In foto opera di: Mario Merz | ” Che fare?” – 1968 – Alluminio, cera, neon
Oggi assistiamo con grande velocità a quello che potremmo definire “superamento dell’accesso” o ancora “eccesso di accessibilità“.
Dopo aver assistito al cambiamento radicale dei nostri comportamenti e delle nostre possibilità, stiamo verificando come questa nuova era dell’accesso, già teorizzata da Rifkin nel 2000, stia palesando quella che un tempo avremmo definito, senza troppi indugi, mediocrità o totale improvvisazione progettuale se vogliamo rimanere nel campo del design.
Da un lato gli strumenti del fare digitale permettono una incredibile flessibilità, velocità nonchè puntualità di risultato; dall’altro però il progettista autoconvinto, o semplicemente superficiale, si pre-carica del proprio metodo copia-incolla e grazie all’appagamento sociale (spesso autocertificato nei likes e nei follower) e allo stupore immediato che i progetti mediocri vantano spesso di primo acchito, produce elaborati privi di visione di insieme e prospettiva.
Confonde la vista per la vision e si ferma ai blocchi di partenza mentre gli altri sfrecciano alla meta.

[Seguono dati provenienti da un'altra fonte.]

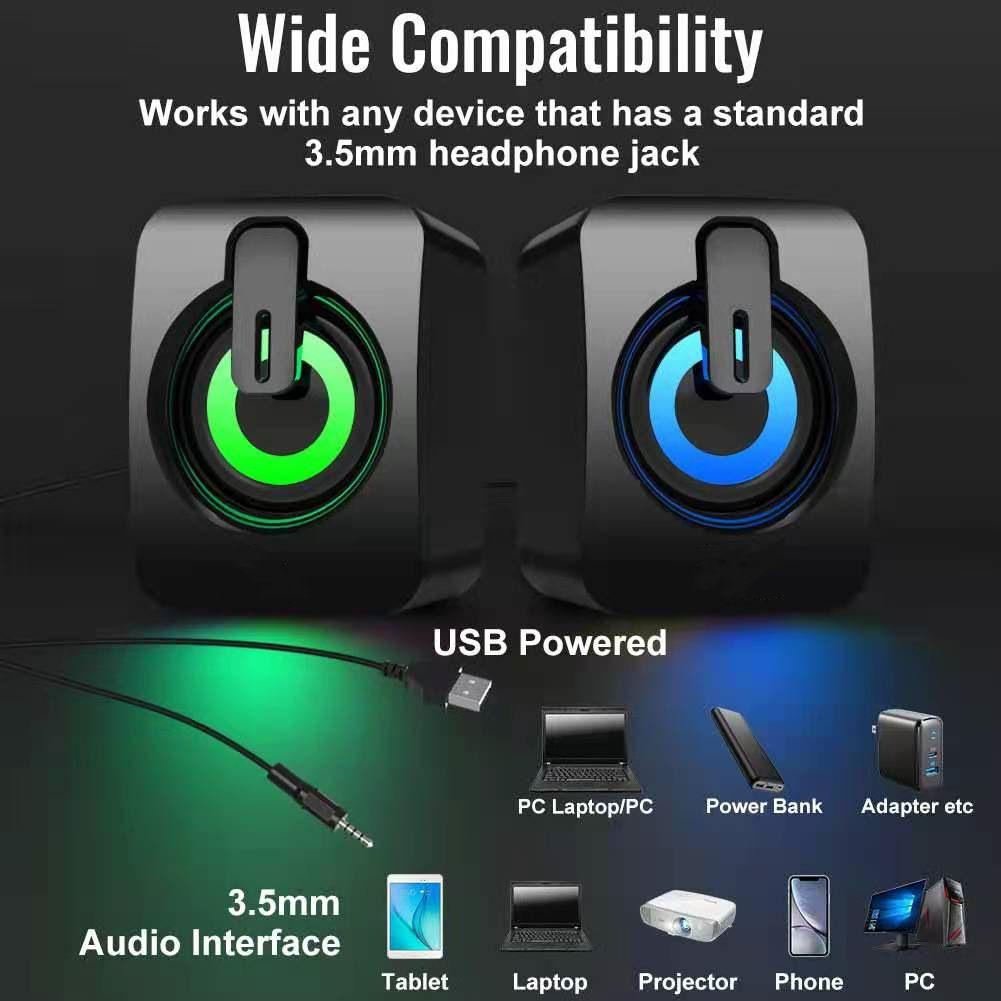 Home office computer speaker with microphone stereo 3.5mm AUX RGB colorful light computer speaker suitable for desktop laptops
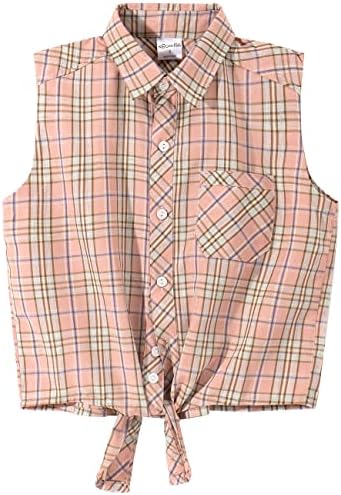 Noomelfish Girls Sleeveless Plaid Button Down Shirt Tie Knot Blouse Tank Tops, Pink Plaid, Size 7-8 Years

Difficile è comprendere a volte se questa mediocrità si avvicini al concetto di democratico, alla portata di tutti, e che sotto questo punto di vista non creerebbe tanto sdegno.
L’aspetto commerciale o di garanzia di continuità dato dalle vendite e dato dall’apprezzamento del pubblico è di per sè necessario oltre che corretto, se dichiarato all’utente però.
Ma sta di fatto che si riscontra ora la difficoltà a far comprendere quella che è la base del lavoro oltre che la giusta anima di un progetto: la ricerca e la progettazione.
Il design, sia esso di interfaccia che di oggetto, vacilla quindi tra democrazia, autorialità e totale assenza di concetti.
E’ richiesta quindi ancor di più una maggiore forza da parte di chi invece crea e progetta ben considerando questi aspetti.
E’ richiesta la formazione e la dimostrazione.
Come se ogni lavoro debba necessariamente giustificarsi o certificarsi continuamente.
Questo potrebbe essere elemento interessante di crescita e di ulteriore avanzamento ma si arriva presto al problema temporale, finanche economico, che riporta immediatamente il progettista a dover fare i conti con questi aspetti.
E’ quì che si palesa l’urgenza e la capacità di sintesi necessaria ad aver le idee chiare subito, ora, e lungo tutto il percorso del fare.
Da parte dello Studio OCCHIOIPERTESO nulla cambia.
Siamo da sempre abituati ad un metodo progettuale fatto di versioni e revisioni, scelte e approfondimenti trasversali frutto di analisi e ricerca continua; immediate nella testa e precise sulla carta.
La conoscenza del passato ci aiuta ogni giorno a progettare il futuro e per questo non ci spaventiamo davanti a così tante incertezze progettuali dilaganti.
Il fare contemporaneo è diventato immediato e così immediatamente scompare.